Morgan Buehler is President/Chief Avocado Oil & Collagen Enthusiast of Primal Kitchen. A self-proclaimed kook from the Midwest, she’s obsessed with surfing, chapstick, and going to the farmers market.
Tell us a little bit about you, Morgan Buehler, and what you do
I grew up in Chicago and migrated west to school at University of Colorado got an accounting degree. I spent about nine months in the continental Denver and was so bored that I quit to go be a waitress for the summer at my resort northern Wisconsin.
I moved to South America from there doing research for a political author.
I could work from wherever and I didn’t make very much money but I made enough money to live in South America. A six month trip turned into a two and a half year trip from Argentina all the way up to Mexico. I spent 300 hours on a bus over the first nine months. I learned how to surf and fluently speak in Spanish.
I moved out to California and I started working for Kavita running marketing for them. We sponsored one of his retreats called Primal calm. I didn’t have to go but I wanted to meet Mark and network with him. I went and then ended up getting Mark and his wife Carrie a ride home to the hotel they were staying in. We just hit it off and a couple months later I had left Kavita and I was consulting.

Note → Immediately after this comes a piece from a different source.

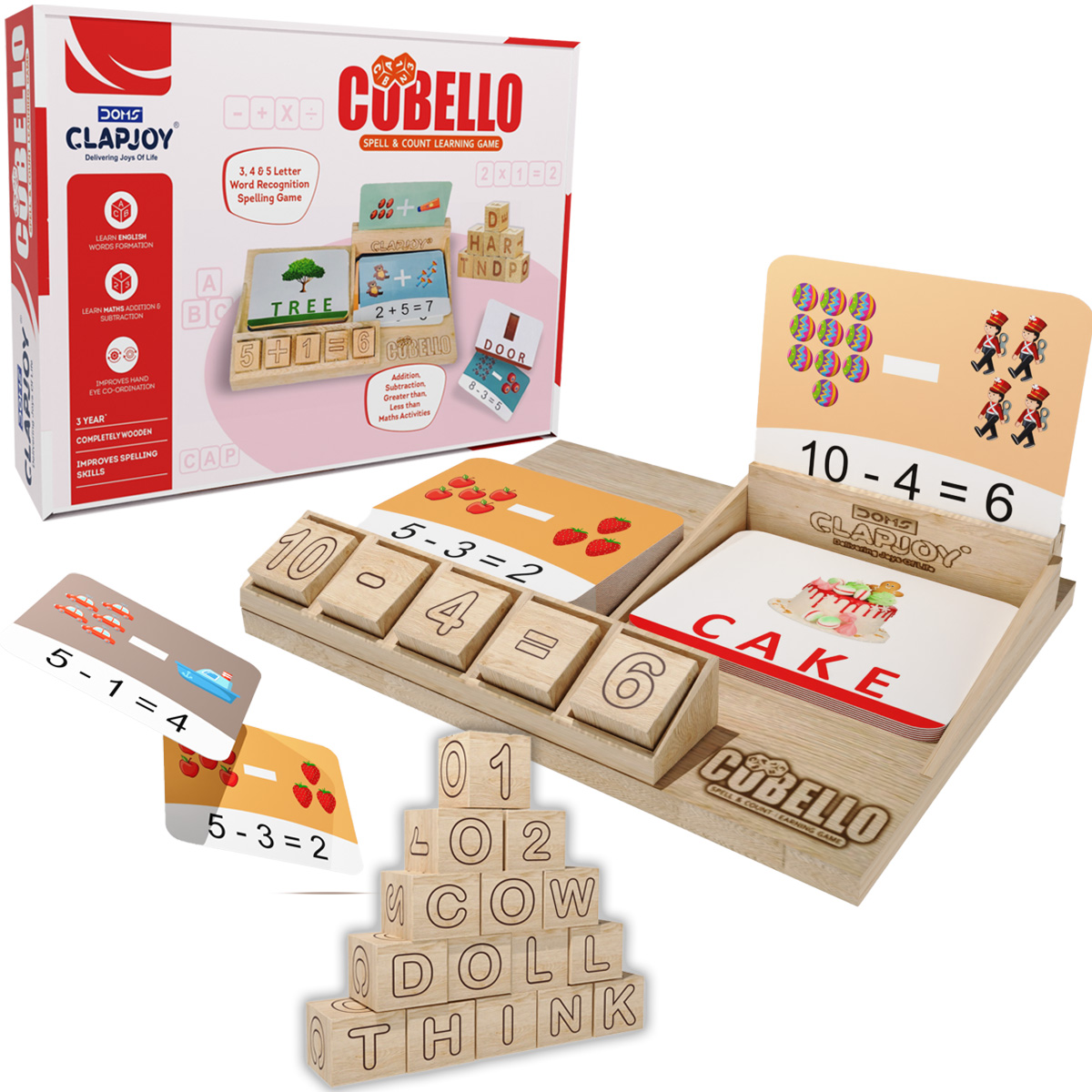 Clapjoy Cubello Spelling, Addition and Subtraction Learning Toy for Kids Learning Word Game & Math with Flash Cards, Montessori Learning Educational Toy for Preschool Kids Age 2-5 Years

Mark called and said “hey I’m looking for someone to help me launch a food business, can you sit down and chat?” So pretty much from that day on I was a consultant.
I was doing a lot of like marketing competitive analysis and go-to market strategy. I came on full time like a year later and it’s just been up and up since then.

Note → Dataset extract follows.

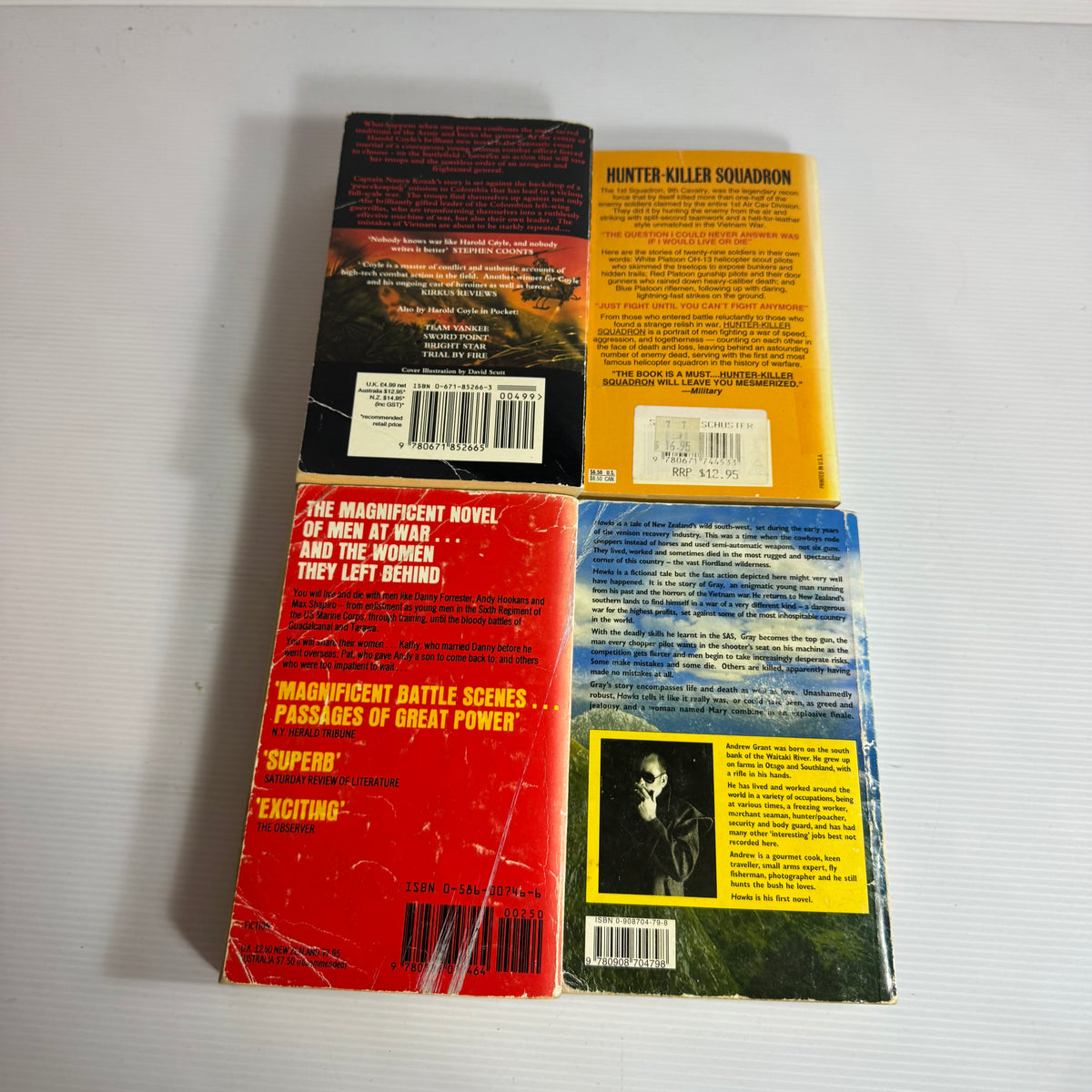 Military Action Bundle x 4 : Hunter-Killer Squadron - Matthew Brennan, Hawks - Andrew Grant, Battle Cry - Leon Uris, Code of Honour - Harold Coyle (3344)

Can you tell us about Primal Kitchen?
Mark Sisson has been building the primal brand for the last 10 years. He has a really, really interesting background. He started blogging before blogging was cool and doing Paleo before paleo was cool. He didn’t really get healthy until his 40s and he had some issues with grains and came across the paleo diet. Then developed essentially his own interpretation of it, called the primal diet. And he wrote a book The Primal Blueprint so he’s been educating people on health and wellness for years.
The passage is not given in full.